Part of the reason we do not usually perceive the American cultural Left as a strategic liability is that so much of international civil society is made in its image. Rumors to the contrary notwithstanding, international civil society is not coincident with "the Davos people." Most members of this "society" cannot afford to vacation in Switzerland. Rather, they tend to be the folks who belong to the NGOs that have spread through every developed nation, and even to some of the underdeveloped ones for which they so often claim to speak. A large fraction of international civil society, in fact, are members of the really radical Left who have lost out in the politics of their own countries, but who hope to recoup their position by appealing from national governments to international forums.

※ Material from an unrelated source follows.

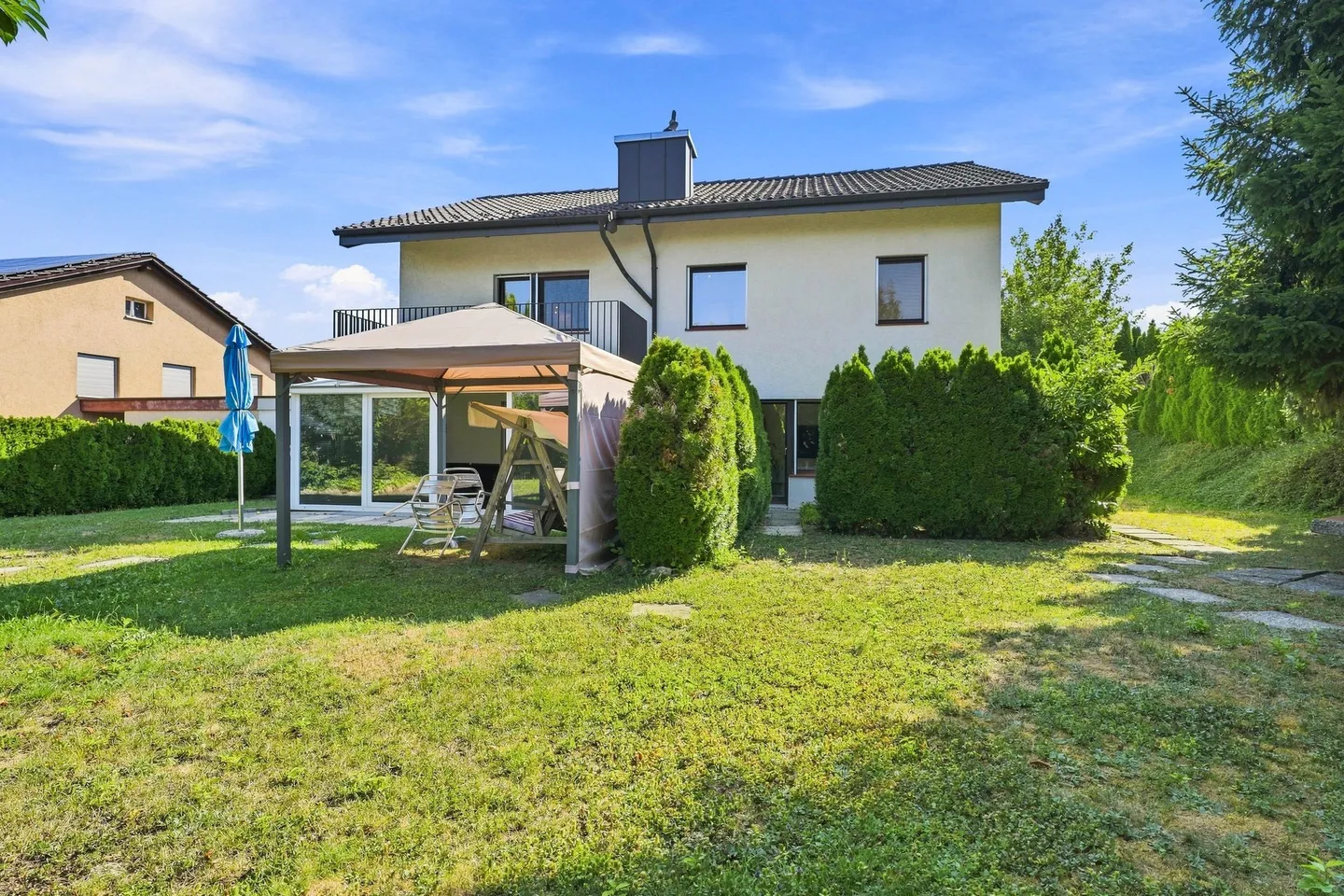Family house with a dream garden - Photo 1 of 12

Until the end of the Cold War, appealing to the UN or other international bodies was usually a bootless tactic, since the major international institutions had little freedom of movement during the superpower standoff. Arguably, international institutions still don't have that much real power, even now that the standoff is over. In recent years, however, there has been a concerted effort to enhance their independence, an effort motivated in part by fear of American hegemony. Thus, we have a situation where institutions that are starting to think of themselves as quasi-governmental bodies are interacting with a new class that thinks of itself as "the people of the world."
No good will come of these mutually reinforcing delusions. Even now, they support a crust of activists and bureaucrats that tends to obscure the real world from responsible statesmen. Paradoxically, in fact, it will often be necessary for the US to oppose what purports to be "world opinion" in order to avoid appearing alien and tyrannical to most of the world's people. These days, the spokesmen for "the world" are usually the real aliens.
The security of the United States is a function of the state of the world. An international system which is only lightly militarized and where goods and people can move freely is the safest imaginable for the US. It is also the cheapest to maintain: all we would normally be called on to do is to act as an arbitrator. For such a system to work, however, it is necessary for the arbitrator to be trusted, and to be trustworthy. One prerequisite is some minimum of military and economic heft. Another, however, is that the arbitrator cannot be the proponent of aggressive ideologies that cut across the human grain. Were that to occur, the rest of the world would surely unite in self-defense, and security could not then be purchased at any price.